Last Thursday was a half-day for students because we had Open House in the evening. I decided it was a good day for my geometry students to do some paper folding. I gave each student about 5 sheets of hamburger patty paper and these instructions:

**Task 1**: construct (by folding) a square that is 1/4 the area of the original square.

Big deal. Everyone got it, except Daniel, but he didn’t follow instructions, he constructed a rectangle with 1/4 the area. The kids jokingly gave him a hard time. I reminded the class that Daniel’s left arm was still in a cast, thus squares and rectangles were the same to him.
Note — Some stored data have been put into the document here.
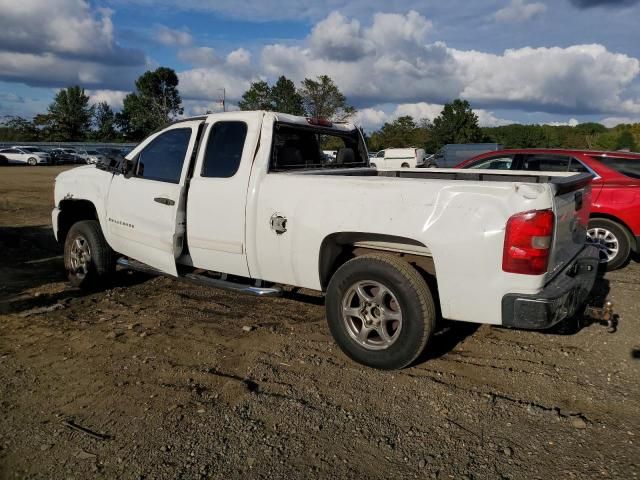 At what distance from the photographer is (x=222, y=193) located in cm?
441

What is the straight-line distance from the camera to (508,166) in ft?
26.6

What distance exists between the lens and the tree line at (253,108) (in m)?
72.2

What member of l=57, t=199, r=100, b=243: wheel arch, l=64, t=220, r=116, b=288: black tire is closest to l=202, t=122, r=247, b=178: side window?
l=64, t=220, r=116, b=288: black tire

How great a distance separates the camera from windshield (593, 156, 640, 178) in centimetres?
682

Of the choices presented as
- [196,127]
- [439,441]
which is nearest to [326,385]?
[439,441]

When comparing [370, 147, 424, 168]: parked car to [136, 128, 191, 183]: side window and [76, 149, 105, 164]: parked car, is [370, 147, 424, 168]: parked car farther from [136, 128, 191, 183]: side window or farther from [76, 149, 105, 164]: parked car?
[136, 128, 191, 183]: side window

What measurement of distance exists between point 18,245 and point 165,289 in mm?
3760

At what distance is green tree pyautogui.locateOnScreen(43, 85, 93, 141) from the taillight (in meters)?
84.2

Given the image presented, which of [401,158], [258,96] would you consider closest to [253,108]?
[258,96]

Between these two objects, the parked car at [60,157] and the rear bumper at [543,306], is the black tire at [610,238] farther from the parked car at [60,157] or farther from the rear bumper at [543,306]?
the parked car at [60,157]

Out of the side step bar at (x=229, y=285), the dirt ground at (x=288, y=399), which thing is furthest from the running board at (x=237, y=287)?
the dirt ground at (x=288, y=399)

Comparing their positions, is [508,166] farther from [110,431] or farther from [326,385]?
[110,431]

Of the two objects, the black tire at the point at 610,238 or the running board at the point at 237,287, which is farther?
the black tire at the point at 610,238

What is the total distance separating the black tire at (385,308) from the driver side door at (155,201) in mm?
1724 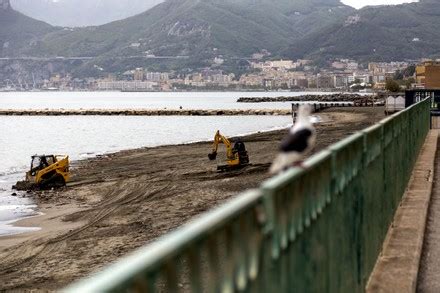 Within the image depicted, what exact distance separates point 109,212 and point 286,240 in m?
21.4

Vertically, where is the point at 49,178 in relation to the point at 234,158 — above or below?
below

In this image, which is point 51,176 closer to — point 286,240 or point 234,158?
point 234,158

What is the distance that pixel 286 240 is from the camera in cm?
343

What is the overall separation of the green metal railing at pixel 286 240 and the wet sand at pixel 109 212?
8856 mm

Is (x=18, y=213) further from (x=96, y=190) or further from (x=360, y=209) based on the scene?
(x=360, y=209)

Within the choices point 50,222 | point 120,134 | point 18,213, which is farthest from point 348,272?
point 120,134

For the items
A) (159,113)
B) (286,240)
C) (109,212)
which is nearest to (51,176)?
(109,212)

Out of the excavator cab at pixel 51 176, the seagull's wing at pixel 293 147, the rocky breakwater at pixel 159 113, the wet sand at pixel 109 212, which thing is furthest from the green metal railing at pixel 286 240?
the rocky breakwater at pixel 159 113

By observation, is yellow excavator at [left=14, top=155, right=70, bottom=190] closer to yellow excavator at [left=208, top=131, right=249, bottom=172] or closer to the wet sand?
the wet sand

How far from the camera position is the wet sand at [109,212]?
15859mm

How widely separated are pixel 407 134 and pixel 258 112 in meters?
122

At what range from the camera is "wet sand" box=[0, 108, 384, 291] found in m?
15.9

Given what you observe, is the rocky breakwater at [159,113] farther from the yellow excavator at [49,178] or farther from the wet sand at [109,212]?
the yellow excavator at [49,178]

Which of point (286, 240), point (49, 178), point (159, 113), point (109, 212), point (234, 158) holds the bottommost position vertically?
point (159, 113)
**Task 2**: construct a triangle that has 1/4 the area of the original square.

Again, no problems. Everyone folded the same way.

**Task 3**: construct another triangle, still 1/4 the area of the original, but this triangle may not be congruent to the one you created in Task 2.

Some time passed, but not too long before Slater got it, Zach did too, they shared with the class.

**Task 4**: construct a square that is 1/2 the area of the original square.

Easy-peasy-lemon-squeezy.

**Task 5**: construct a square that is 1/2 the area of the original square — so same instruction as Task 4 — however, it must be “oriented differently.”

And then I went to sit down, put my feet up (okay, figuratively speaking only), drank some water, and peacefully watched as my students slowly but surely mangled up their papers trying to create this square. They asked for more paper. I gave them more paper.

Austin: What do you mean “oriented differently”?

Me: Its orientation is different.

A: That didn’t help…

M: I’m not here to help you. Not today.

Zach, waving his folded paper above his head and proceeded to walk up to me: Oh, I got it!

M: No, you don’t got it. Sit down.

Josh: I got it!!

M: No you don’t.

J: But you didn’t even look at my paper.

M, pretending to look: There, I looked.

I watched with satisfaction as everyone struggled with Task 5.

The kids know I live for moments like this. They are stuck, and they have to think really hard.

Even Slater, a self-proclaimed math prodigy (who since then had elevated himself to just “academic prodigy”) was quiet and using his pencil to do some calculations on paper. Even Bobby — who once claimed that he and Slater should get the same IQ score if put to the test — sat quietly, arms to his sides staring at the patty paper.

The bell rang. I told them to work on it for homework, and the hint was “right triangle.”

Alex: Someone will look it up online, Mrs. Nguyen.

Me: That’s their loss.

We did Task 5 together the next day. The smiles returned to their faces. I love teaching.

[Updated 03/26/12]

I got this activity from a workshop. At bottom of worksheet:

© 2008 by Education Development Center, Inc. from The Fostering Geometric Thinking Toolkit. Portsmouth, NH. Heinemann

## 7 Comments

Is Task 5 kind of a trick question because a square cannot be “oriented” differently?

Tom, you can orient it, btw. But true, how do you do task 5? Also, how do you do task 3?

I am thoroughly convinced by looking at your picture that you and your class have not solved #5, as your squares are not 50% of the original square’s area. You have folded in 7/16ths, leaving a square which is 9/16th the original size.

How do you do number three? I cannot figure it out.

How do you do number three? I cannot figure it out, and I have worked on it for about an hour.

Half the original base and same height. Doesn’t matter how it looks other than that!

Great post. I was wondering where you go from here. How can you use this lesson to lead into your next challenge/lesson. What grade level were you teaching?